Copy each line of the following material that has the string "which".

EXTRACTED MATERIAL =
━━━━━━━━━━━━━━━━━━━━━━━━━━━━━━

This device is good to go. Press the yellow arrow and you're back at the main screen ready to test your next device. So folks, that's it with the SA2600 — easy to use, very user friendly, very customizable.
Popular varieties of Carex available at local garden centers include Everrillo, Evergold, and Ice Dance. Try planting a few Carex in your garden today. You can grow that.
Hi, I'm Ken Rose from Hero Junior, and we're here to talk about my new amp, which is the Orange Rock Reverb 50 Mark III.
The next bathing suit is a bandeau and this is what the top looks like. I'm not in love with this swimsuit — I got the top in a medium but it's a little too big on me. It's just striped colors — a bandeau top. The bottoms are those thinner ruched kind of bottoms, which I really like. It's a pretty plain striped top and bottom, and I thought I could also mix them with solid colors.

━━━━━━━━━━━━━━━━━━━━━━━━━━━━━━

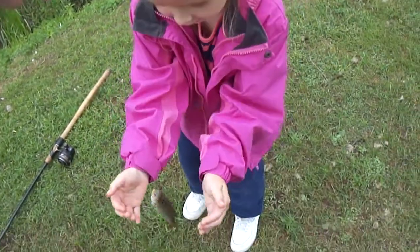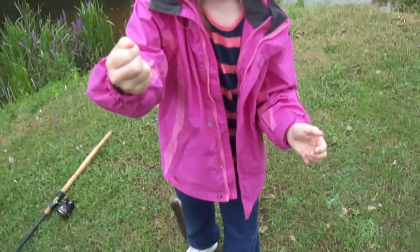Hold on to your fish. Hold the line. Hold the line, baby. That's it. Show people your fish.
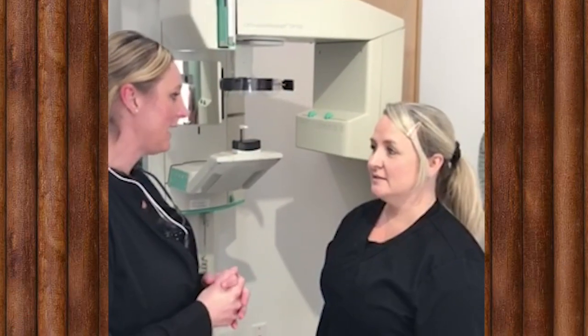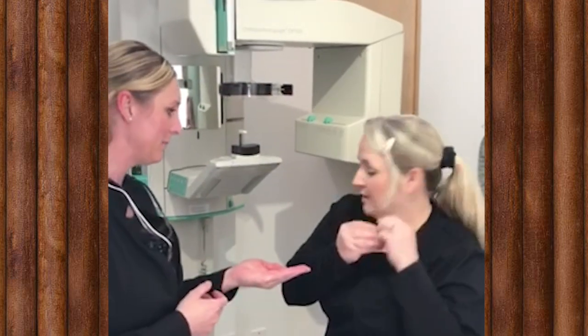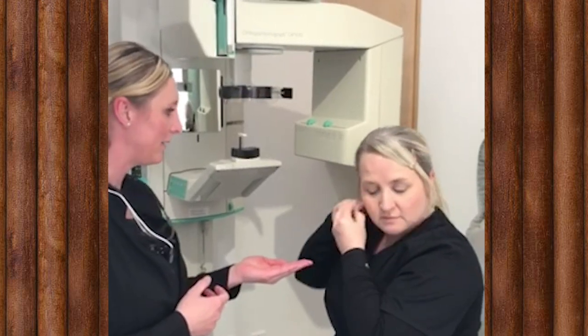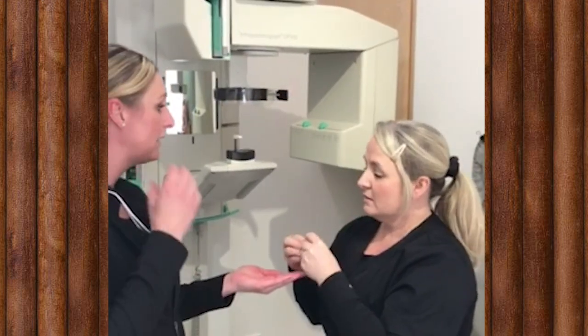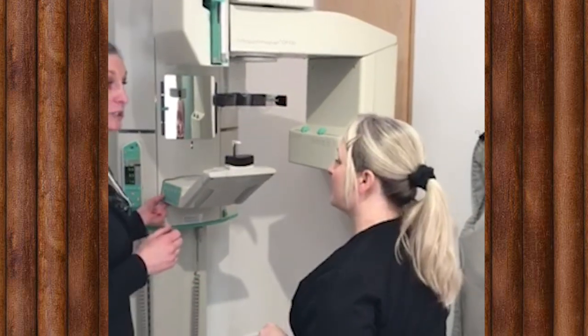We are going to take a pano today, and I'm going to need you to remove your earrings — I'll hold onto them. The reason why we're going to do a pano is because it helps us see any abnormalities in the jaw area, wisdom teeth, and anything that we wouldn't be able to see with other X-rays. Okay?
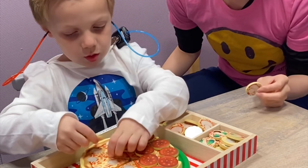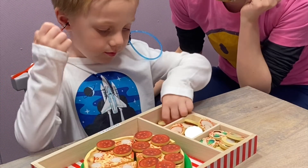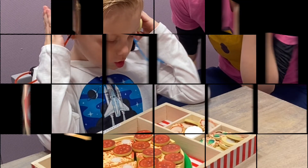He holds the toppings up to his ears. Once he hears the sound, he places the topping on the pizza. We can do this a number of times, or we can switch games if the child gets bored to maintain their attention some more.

━━━━━━━━━━━━━━━━━━━━━━━━━━━━━━

EXPECTED ANSWER =
Hi, I'm Ken Rose from Hero Junior, and we're here to talk about my new amp, which is the Orange Rock Reverb 50 Mark III.
The next bathing suit is a bandeau and this is what the top looks like. I'm not in love with this swimsuit — I got the top in a medium but it's a little too big on me. It's just striped colors — a bandeau top. The bottoms are those thinner ruched kind of bottoms, which I really like. It's a pretty plain striped top and bottom, and I thought I could also mix them with solid colors.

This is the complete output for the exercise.